Each Zodiac fits 10 people plus the pilot. The first day at sea we were told what to wear on the Zodiac, and how to safely get in and out of one. It was, at first, quite a daunting process, but we got more efficient as the week went on.
First, what do you wear on the Zodiac? Since being on the water can be quite cold and windy, we’re told to layer up, and carry a dry bag for extra items (and camera), or if we want to shed layers. Many of the Zodiacs were simply a way from getting from ship to shore, which meant that you’ll probably be warm from walking around on land. Other times, we simply did a Zodiac cruise for an hour or more, so it’s best to wear all the layers.
We first get dressed in our cabin:
Bottom: base layer leggings, sock liners, wool socks, fleece pants, waterproof pants
Top: base layer top, mid-weight wool shirt, Quark-issued polar parka with waterproof outer layer
Balaclava, neck gaiter, Smartwool cap. Glove liners, over-gloves (I have polar-rated mittens), hand warmers. Sunglasses or goggles are a good idea, too, as is sunscreen.
After the first time donning all this gear, I kept all my Zodiac clothes in one place so I was able to simply throw on my ‘uniform’ and not forget anything. It seems that you get about 20-30 minute warning for gangway time, so you have to be prepared. Once your excursion team is called to the mud room, it’s a mad dash to get to your boots and life jacket and get in line to board your boat.

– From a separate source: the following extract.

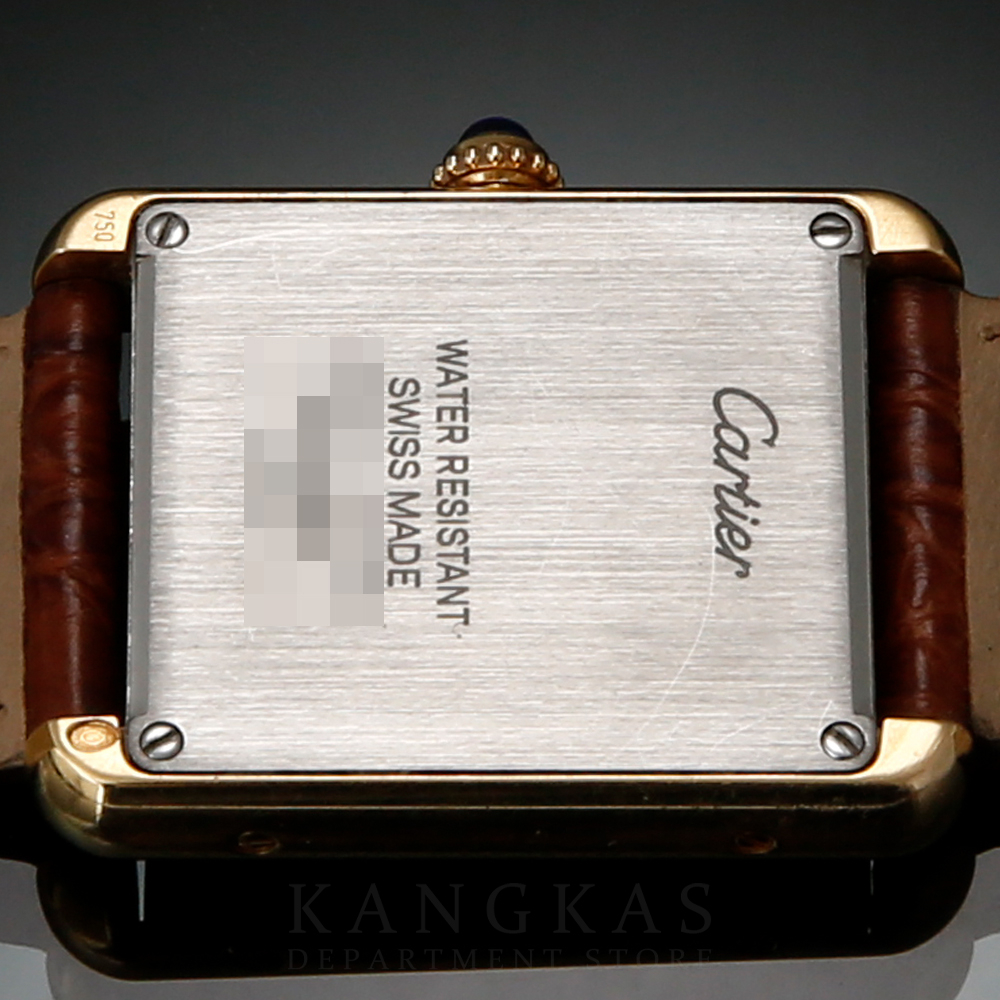 까르띠에 탱크 솔로 상세 이미지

The Zodiacs are necessary because there are no ‘ports’ in Antarctica, so you need them to get to shore. Sometimes landing isn’t part of the plan, and in those instances we’re out cruising around the inlet, looking for seals and whales and penguins, and taking in the astonishing landscape from the level of the water.
The pilots have a keen eye for spotting Antarctic fauna, and we would often speed up to where a whale was sighted, then cut the engine and just watch. Being so close to the hundreds of humpbacks (and pilot whales, and minkes) we saw on this trip is an unforgettable and moving experience.